Although this allows you to simulate values from a distribution, you may want to generate samples from existing data. You have already seen the function for this: sample. As you have seen, this function allows you to specify the vector you want to sample from, the number of samples you want, whether you want to replace the values or not, and whether you want to change the probability of sampling particular values, which are equal by default. As an example, let’s sample from our vector of ages:

> sample(age, size = 5)
[1] 28 46 20 49 23
>sample(age, size = 5, replace = TRUE)
[1] 20 20 23 28 41

As we saw previously, the replace argument here is allowing values to be sampled again when it is set to TRUE whereas when it is set to FALSE a value cannot be sampled again after it has been sampled once.


Note: Re-creating Simulated Values

If you want to be able to re-create the random samples you generated, you will need to set the random seed. You can do this with the function set.seed, which simply takes an integer value to indicate the seed to use. You can also use this function to change the type of random number generator used. See the help documentation for more details.


Logical Data

One of the main ways you will work with logical data is to subset the data as we did in Hour 3, “Single-Mode Data Structures.” There are, however, a couple of functions you will find useful for, in particular, counting the number of cases of a condition.

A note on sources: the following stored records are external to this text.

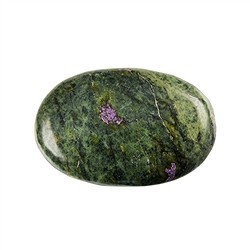 0526423001 Linsenstein Serpentin mit Stichtit | Gro&#xDF;handel Edelsteine, Heilsteine &amp; Schmuck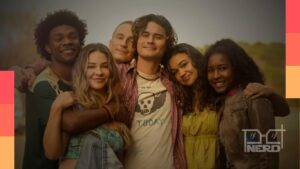 Imagem promocional com destaque para Outer Banks e Wicked na Netflix em agosto de 2026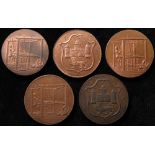 Norfolk, Norwich, 18th century copper halfpenny tokens, D&H 38 x 3, with D&H 39, with D&H 40, all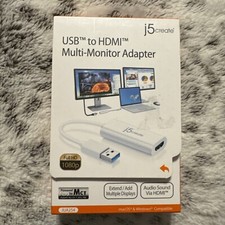 j5 Create USB to HDMI Multi-Monitor Adapter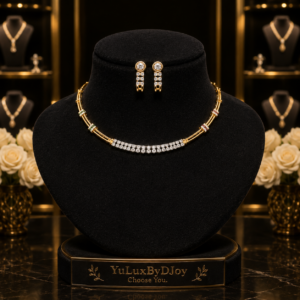 AD stone inlay hasli necklace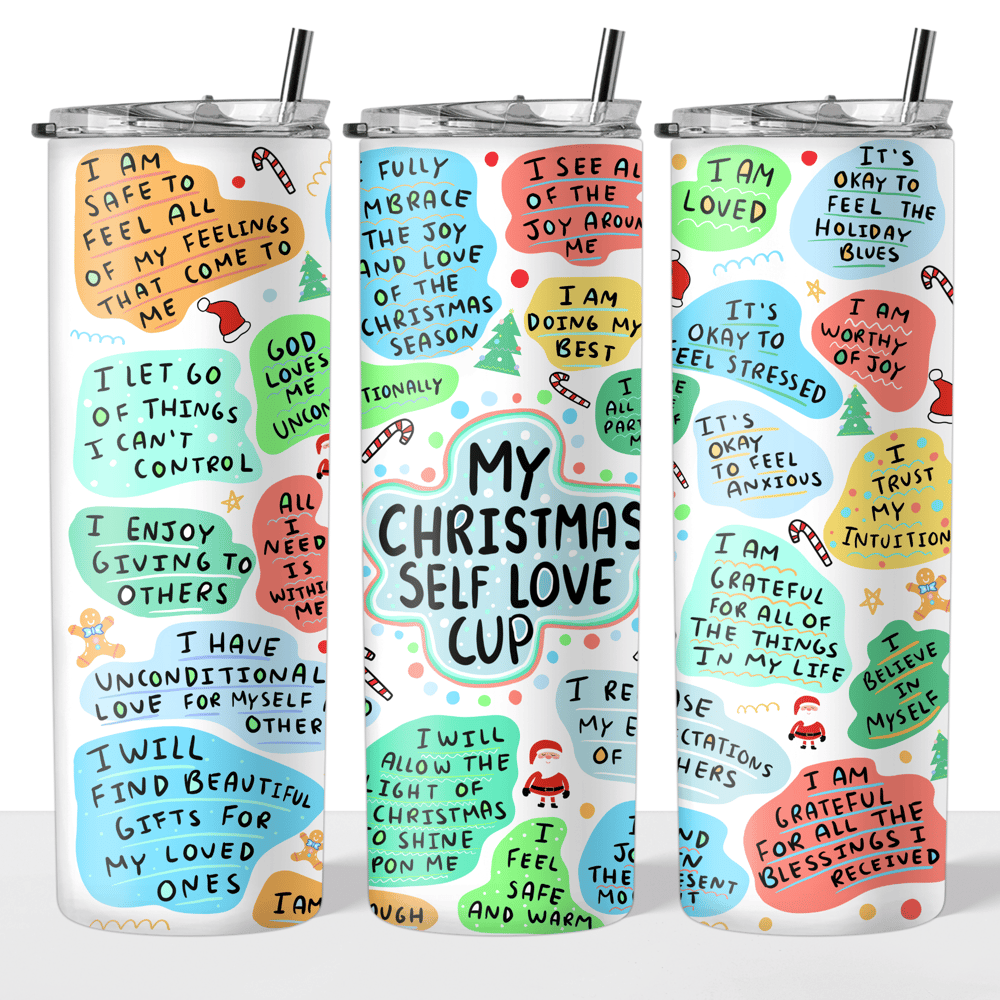 Image of My Christmas Self Love Cup 20oz Tumbler🎄💕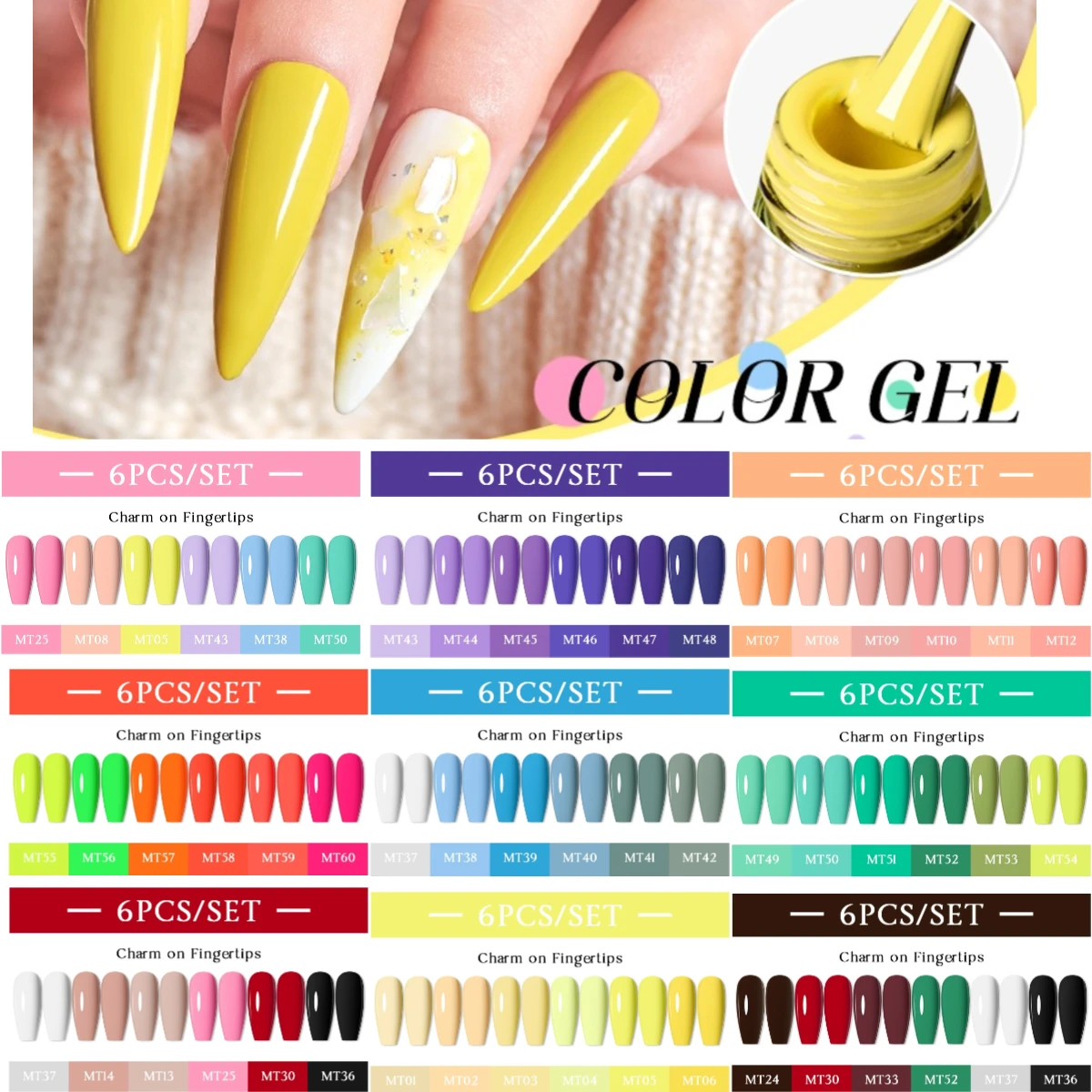 6Pcs/Set Autumn Series Nail Gel Polish Gel Wine Red Colorful Semi Permanent Need Top Coat Soak off Gel Nail Gel Art Varnish Kit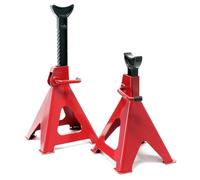 WilTec Juego de 2 caballetes para Coches Ajustables Capacidad de 6 toneladas Gatos estabilizadores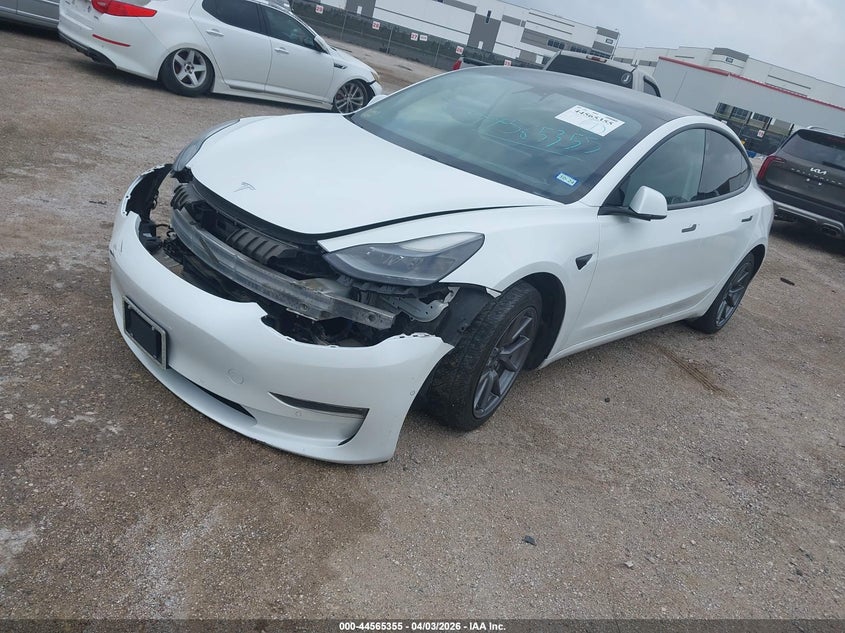Vin: 5yj3e1eb0mf056591, lot: 45062233, tesla model 3 long range dual motor all-wheel drive 20212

First of all, it is worth knowing how logical data is stored in R. As you have seen, a logical vector contains only values that are TRUE or FALSE. In R, these are in fact stored as the numeric values 0 and 1. You can see this by using the as.numeric function to force the numeric representation of a value, like so:

> as.numeric(c(TRUE, FALSE))
[1] 1 0

Therefore, when you have a logical vector, you can actually use the numeric functions you have seen to manipulate it. Of course, finding the variance of TRUE and FALSE values is not generally something that you want to do, but the sum function will actually allow you to count the total number of TRUE occurrences. As an example, let’s see how many values in the age vector from the previous section are less than 30:

> age
[1] 38 20 NA 41 46 49 43 23 28 32
> age < 30
[1] FALSE  TRUE    NA FALSE FALSE FALSE FALSE  TRUE  TRUE FALSE
> sum(age < 30, na.rm = TRUE)
[1] 3

Another useful function for counting the TRUE versus FALSE cases is table:

> table(age < 30)

FALSE  TRUE
    6     3
> table(age < 30, useNA = "ifany")

FALSE  TRUE  <NA>
    6     3     1

You can, in fact, use the table function to display the number of cases for any vector, but as you can see, this is useful for tabulating logical cases. You will also notice that by default the function does not include missing values. However, if you set the argument useNA to "ifany", missing values will be included when they are present.

Missing Data

Many of the statistical summary functions allow you to easily remove your missing data from calculations. As you will see when we look at graphics and model fitting, missing data is simply removed. But what if you want to identify the missing values to, for example, determine how many missing values there are or to replace them in some way?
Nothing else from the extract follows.